Hastalananların, hayatını kaybedenlerin sayılarında ilk haftalara kıyasla önemli düşüşler var, bu durum hiç kuşkusuz hepimizi çok mutlu ediyor. Şimdi yavaş yavaş madalyonun diğer yüzü ile, salgının ekonomik darbesi ile yüz yüze gelmeye başlıyoruz. Ülkeler, salgın vatandaşlarını etkilemeye başladığında güçleri ölçüsünde ekonomik destek programları uygulamaya başladılar. Ancak tüm destek programlarına karşın ekonomik kriz özellikle belli bazı sektörlerde olumsuz etkisini göstermeye başladı.
İşleri tamamen durma noktasına getirdi ve doğal olarak çalışan kesimde işlerini kaybetme endişesi yarattı. Türkiye’de de bu anlamda ciddi bir kaygı var, her on kişiden dokuzu salgının işi için az veya çok bir tehlike oluşturduğunu ifade ediyor. Salgın sürecinde insanların yaklaşık %50’si işe gitmeye devam etmemiş, işe gitmemiş olanların yaklaşık üçte birine yakını evden çalışabilmişler ve bu sayede işlerini koruyabilmişler.
Geri kalanlar ise yani toplamın yaklaşık %30’u ücretli/ücretsiz izin, kısa çalışma uygulamalarıyla karşılaşmış durumdalar. İş akdi feshinin Temmuz ayına kadar yasaklı olması nedeni ile henüz işten çıkarmalar çok kısıtlı bir oranda. İşinin evden çalışmaya uygun olduğunu ifade edenlerin yarısından azı evden çalışma imkânı bulabilmişler, ki aslında insanlar salgının evden çalışma alternatifini olumlu etkileyeceğini düşünüyorlar.

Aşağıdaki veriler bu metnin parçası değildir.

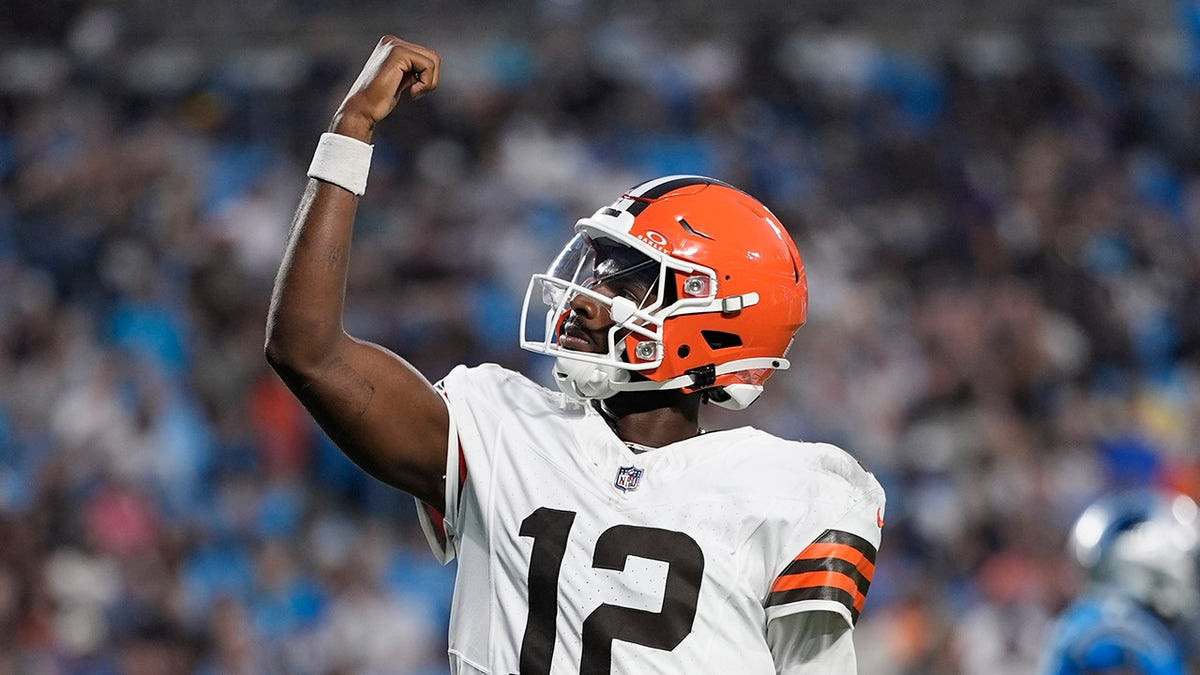 Jamie Foxx channels his iconic character to defend Shedeur Sanders against 'haters' after Browns debut  at george magazine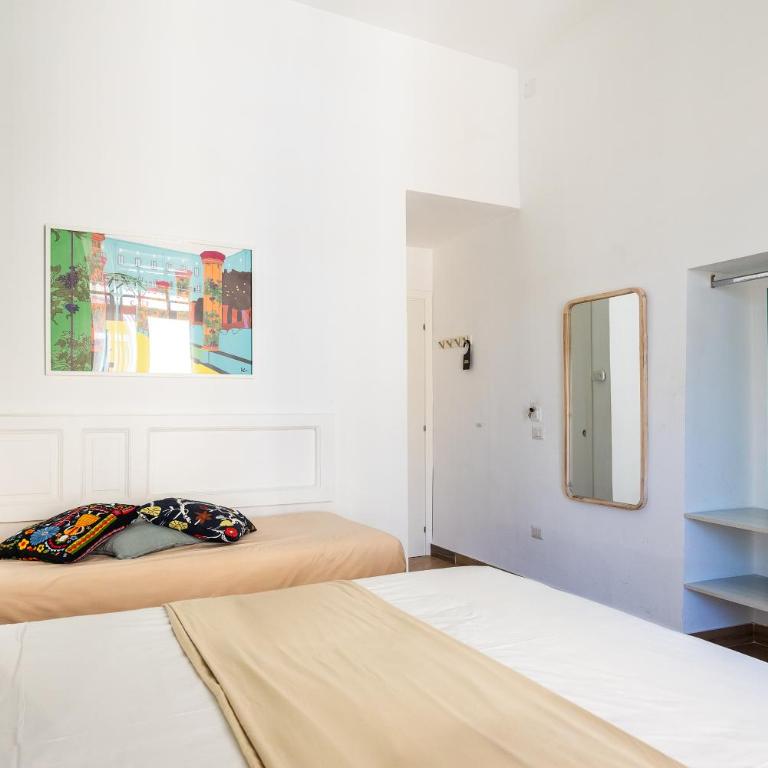 Tredici Boutique Rooms - Camera Tripla con Terrazza - 5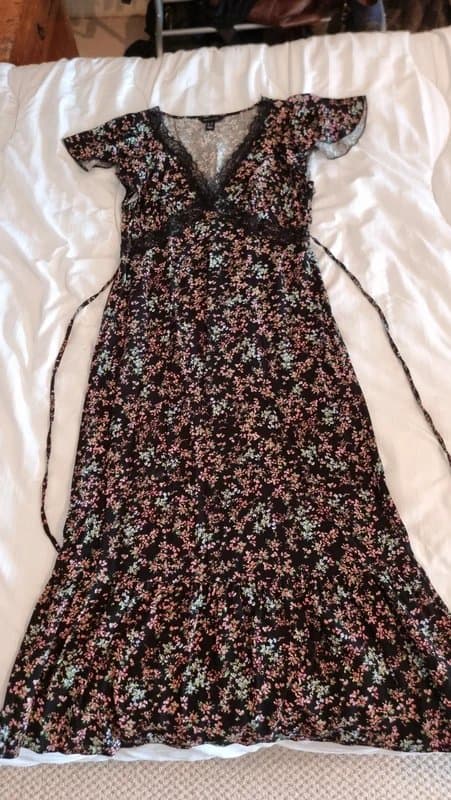 New Look New look midaxi black floral dress, with lace detail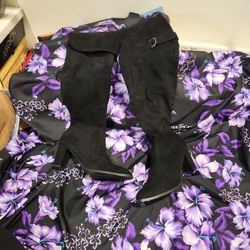 Women’s Black Boots – Size 11 / EU 43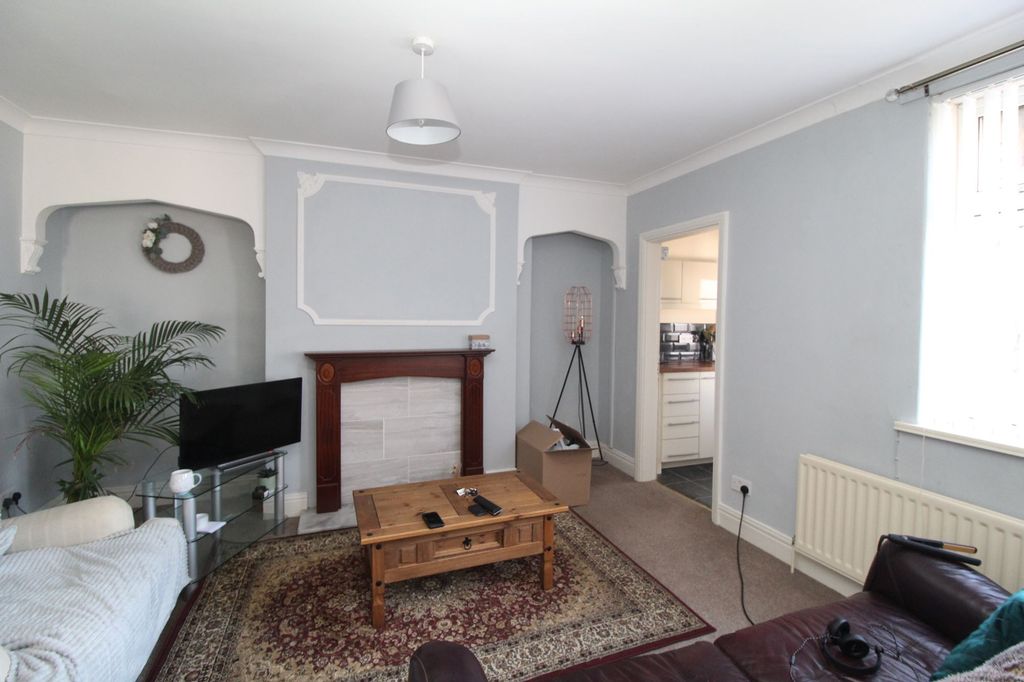 Property photo 2 of 8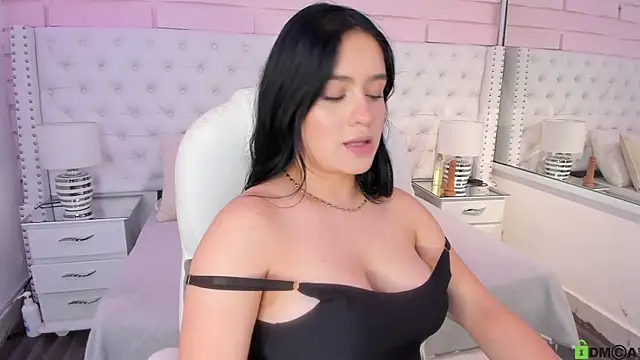 Yaaky  online show from February 7, 2025, 6:45 pm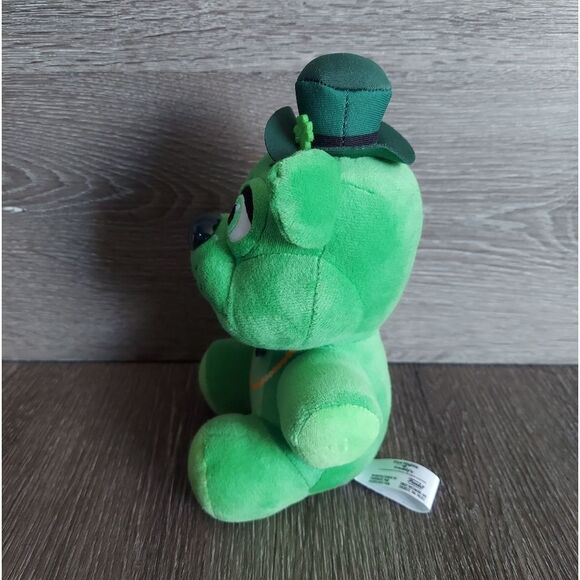 Funko Five Nights At Freddy's SHAMROCK IRISH GREEN PLUSH FNAF ☘️ - Picture 3 of 5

Bu süreçte yaşananlar ve gözlemlenenler salgın sonrasına dair karamsar bir hava yaratmış durumda, her dört kişiden üçü istihdamın olumsuz etkileneceği düşüncesinde. Normalleşme sürecinde salgınla mücadeledeki toplumsal performansımız perakende ve turizm başta olmak üzere bir çok sektördeki gidişatı belirleyecek, bu iki sektörün toparlanma performansı istihdam üzerinde de önemli rol oynayacak.